Print exactly the lines below between the line holding "Palmiye Taşlı Elbise Siyah/5423" and the line holding "Picture of Natural", inclusive, and nothing more.
##### Provided data #####
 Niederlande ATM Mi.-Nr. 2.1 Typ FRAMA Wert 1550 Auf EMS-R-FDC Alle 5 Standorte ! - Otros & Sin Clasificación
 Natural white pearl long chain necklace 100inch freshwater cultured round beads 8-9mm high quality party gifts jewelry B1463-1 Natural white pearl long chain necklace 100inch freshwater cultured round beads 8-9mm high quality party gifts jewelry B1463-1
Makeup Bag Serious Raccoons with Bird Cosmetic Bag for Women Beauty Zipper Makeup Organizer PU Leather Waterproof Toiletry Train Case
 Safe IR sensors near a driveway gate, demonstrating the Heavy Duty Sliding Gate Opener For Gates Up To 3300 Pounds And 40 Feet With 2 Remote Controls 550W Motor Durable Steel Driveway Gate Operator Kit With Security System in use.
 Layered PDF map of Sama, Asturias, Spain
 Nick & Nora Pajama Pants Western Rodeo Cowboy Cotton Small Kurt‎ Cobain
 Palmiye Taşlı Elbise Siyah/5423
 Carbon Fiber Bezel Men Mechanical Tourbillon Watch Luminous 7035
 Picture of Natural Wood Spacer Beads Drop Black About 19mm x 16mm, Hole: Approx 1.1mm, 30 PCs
#####
##### Provided data #####
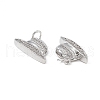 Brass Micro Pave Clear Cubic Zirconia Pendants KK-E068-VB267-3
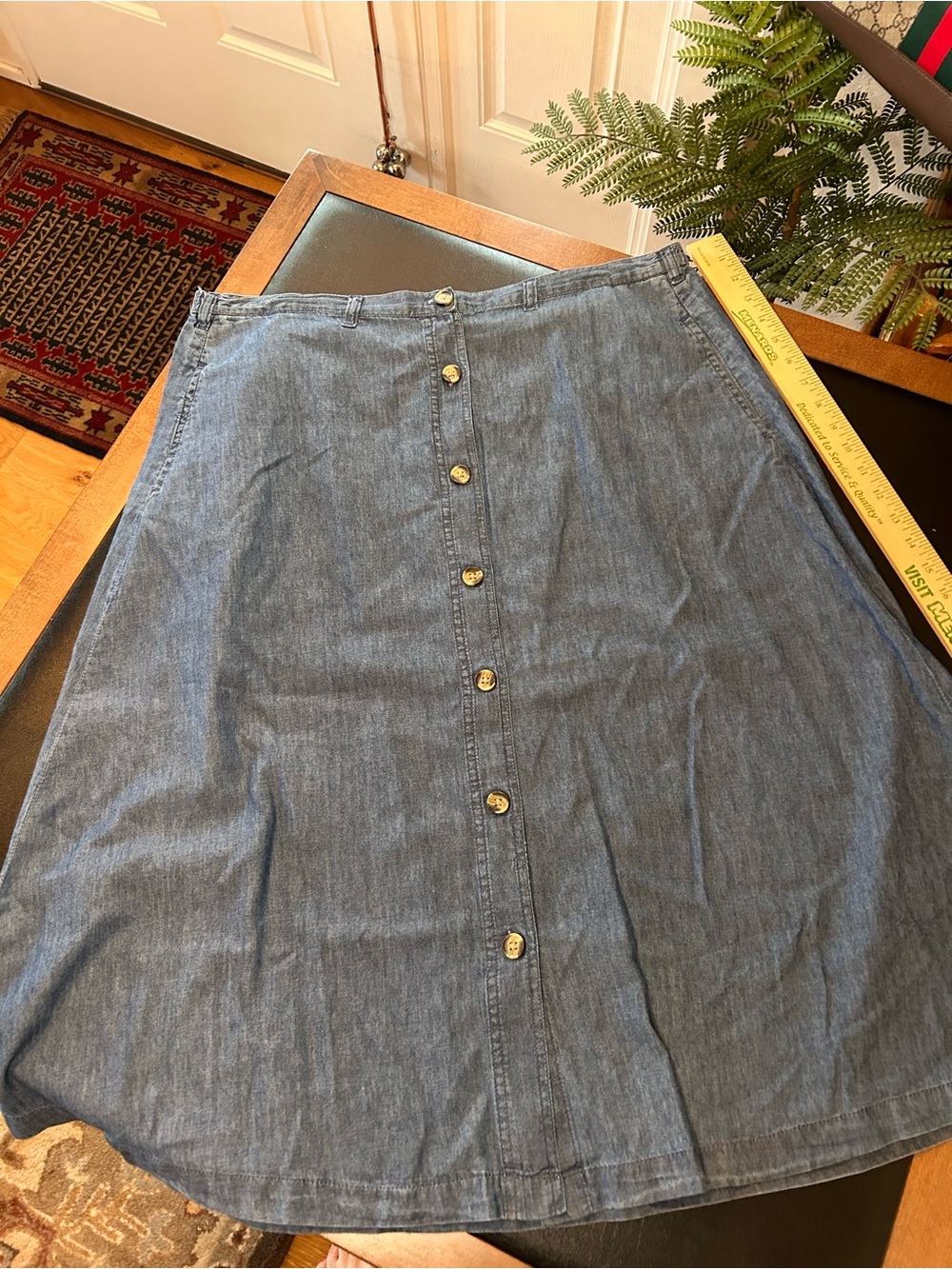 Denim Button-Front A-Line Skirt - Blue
#####
Answer to this problem →
 Palmiye Taşlı Elbise Siyah/5423
 Carbon Fiber Bezel Men Mechanical Tourbillon Watch Luminous 7035
 Picture of Natural Wood Spacer Beads Drop Black About 19mm x 16mm, Hole: Approx 1.1mm, 30 PCs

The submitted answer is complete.